1. Which term of the A.P. $\mathbf{121},\mathbf{117},\mathbf{113},...$ is its first negative term?

(Hint: Find $n$ for ${{a}_{n}} <0$)

Ans: Given A.P. $\mathbf{121},\mathbf{117},\mathbf{113},...$

Its first term is $121$ and the common difference is $117-121=-4$.

We know that the ${{n}^{th}}$ term of the A.P. with first term $a$ and common difference $d$ is given by ${{a}_{n}}=a+\left( n-1 \right)d$.
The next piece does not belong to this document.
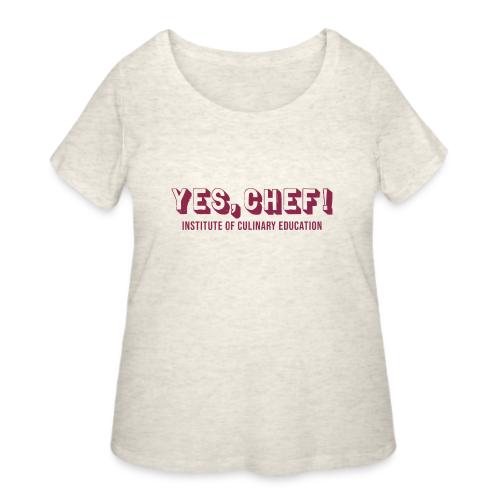 newcheffinal - Women's Curvy T-Shirt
Therefore the ${{n}^{th}}$ term of the given A.P. is ${{a}_{n}}=121-4\left( n-1 \right)$   ….. (1)

To find negative term, find $n$ such that ${{a}_{n}} <0$

Hence from (1),

$121-4\left( n-1 \right) <0$

$\Rightarrow 121 <4\left( n-1 \right)$

$\Rightarrow \dfrac{121}{4}+1 < n$

$\Rightarrow n >\dfrac{125}{4}$

$\therefore n >31.25$

Therefore, the ${{32}^{nd}}$ term of the given A.P. will be its first negative term.

2. The sum of the third and the seventh terms of an A.P is $6$ and their product is $8$. Find the sum of first sixteen terms of the A.P.
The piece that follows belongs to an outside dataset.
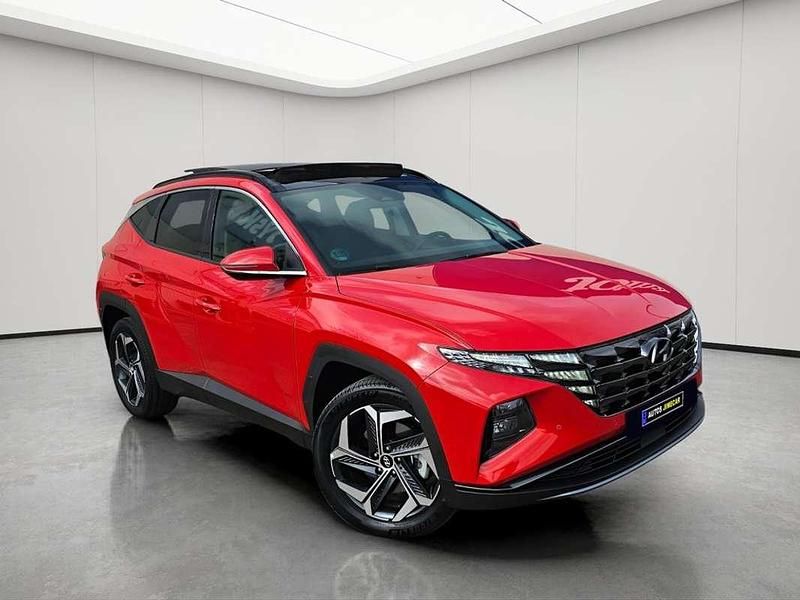 Usado Hyundai Tucson N Line 230 CV (169 kW) 2022 Rojo SUV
Ans: Given the sum of third and seventh term of A.P., ${{a}_{3}}+{{a}_{7}}=6$  …..(1)

Given the sum of third and seventh term of A.P., ${{a}_{3}}\cdot {{a}_{7}}=8$  …..(2)

We know that the ${{n}^{th}}$ term of the A.P. with first term $a$ and common difference $d$ is given by ${{a}_{n}}=a+\left( n-1 \right)d$. Therefore,

For $n=3,{{a}_{3}}=a+2d$

For $n=7,{{a}_{7}}=a+6d$

From (1), ${{a}_{3}}+{{a}_{7}}=\left( a+2d \right)+\left( a+6d \right)$

$\Rightarrow 2a+8d=6$

$\therefore a+4d=3$   ….. (3)

From (2), ${{a}_{3}}\cdot {{a}_{7}}=\left( a+2d \right)\cdot \left( a+6d \right)$

$\therefore {{a}^{2}}+8ad+12{{d}^{2}}=8$   …..(4)

Let us now solve equations (3) and (4) by substituting the value of $a$ from (3) into (4).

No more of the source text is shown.